[Data excerpts — start]
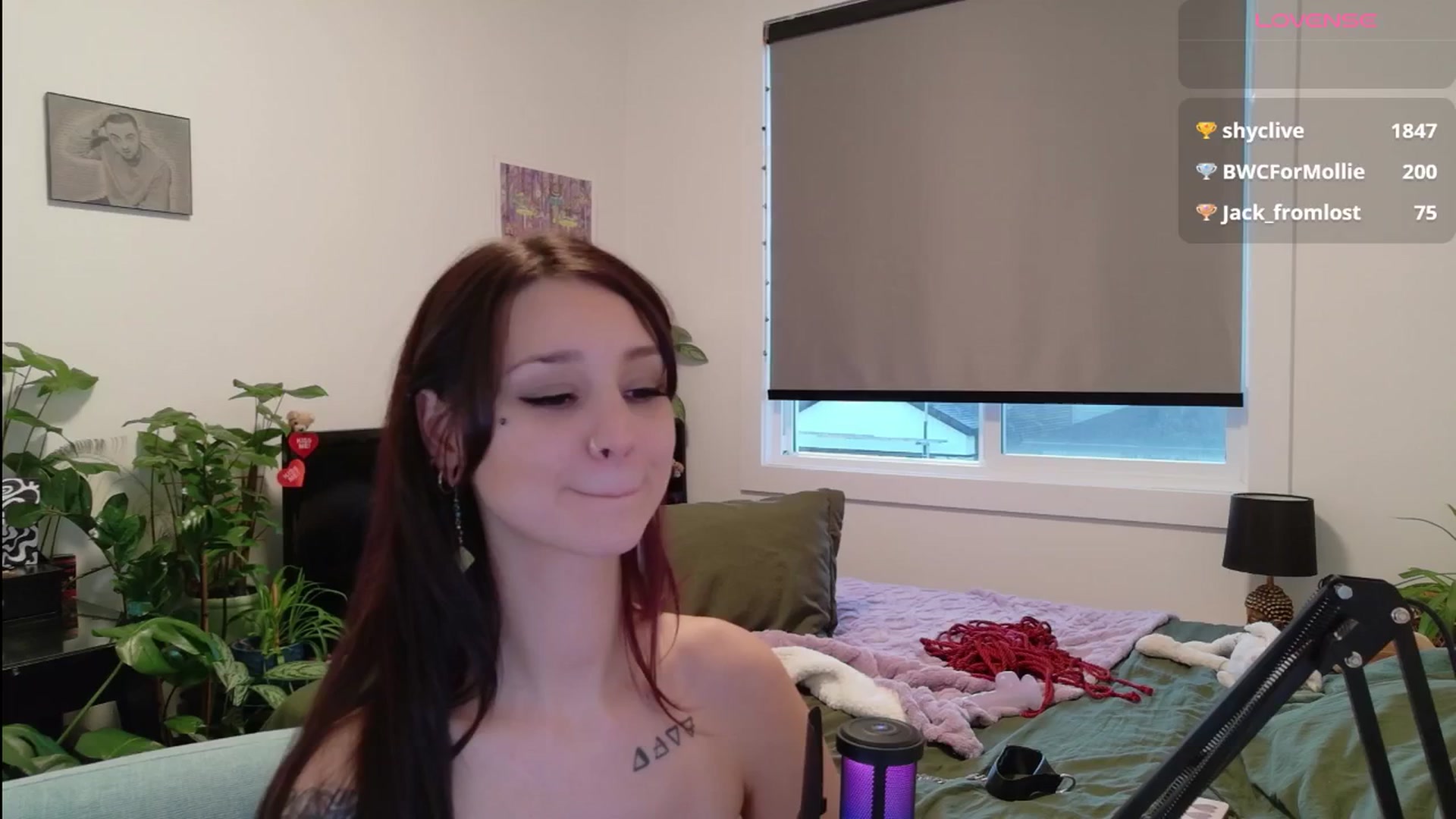Gallery image thumbnail from ShyBabyy's myfreecams stream on, 11/25/2025, 08:25 image 5 of 20
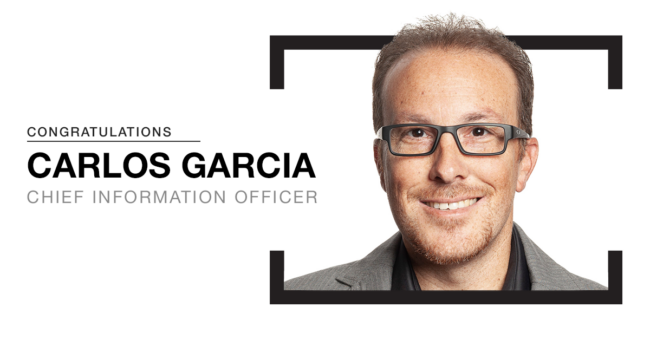 Identiti welcomes Carlos Garcia as Chief Information Officer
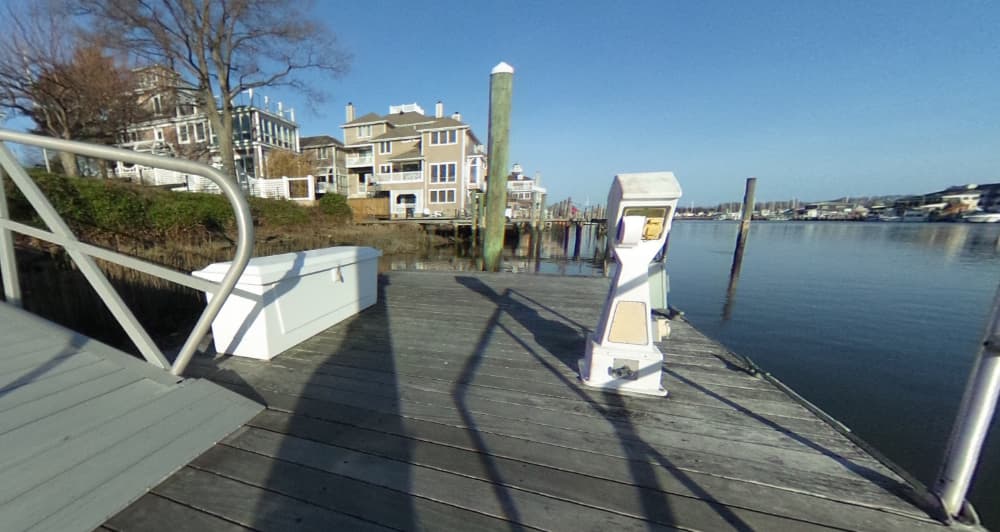 OTIS B. SMITH CITY DOCK AT 1812 PARK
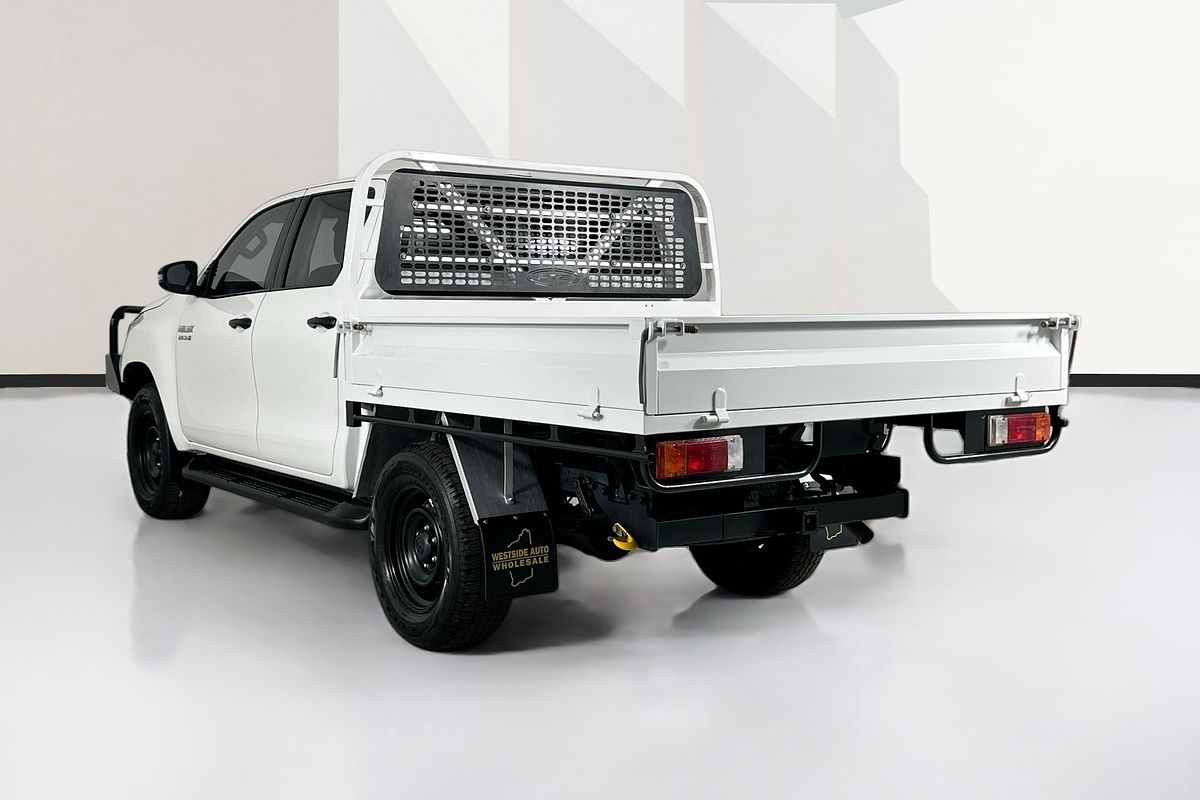2022 Toyota HILUX SR (4x4) GUN126R 4X4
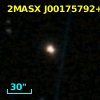 2MASX J00175792+0119347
[Data excerpts — finish]
> [Work task] Lines from the one holding "OTIS B. SMITH CITY DOCK AT 1812 PARK" down to the last line of the entries above must be retyped exactly, inclusive of both, with no pictures and nothing else.

> [Response for this exercise]
 OTIS B. SMITH CITY DOCK AT 1812 PARK
2022 Toyota HILUX SR (4x4) GUN126R 4X4
 2MASX J00175792+0119347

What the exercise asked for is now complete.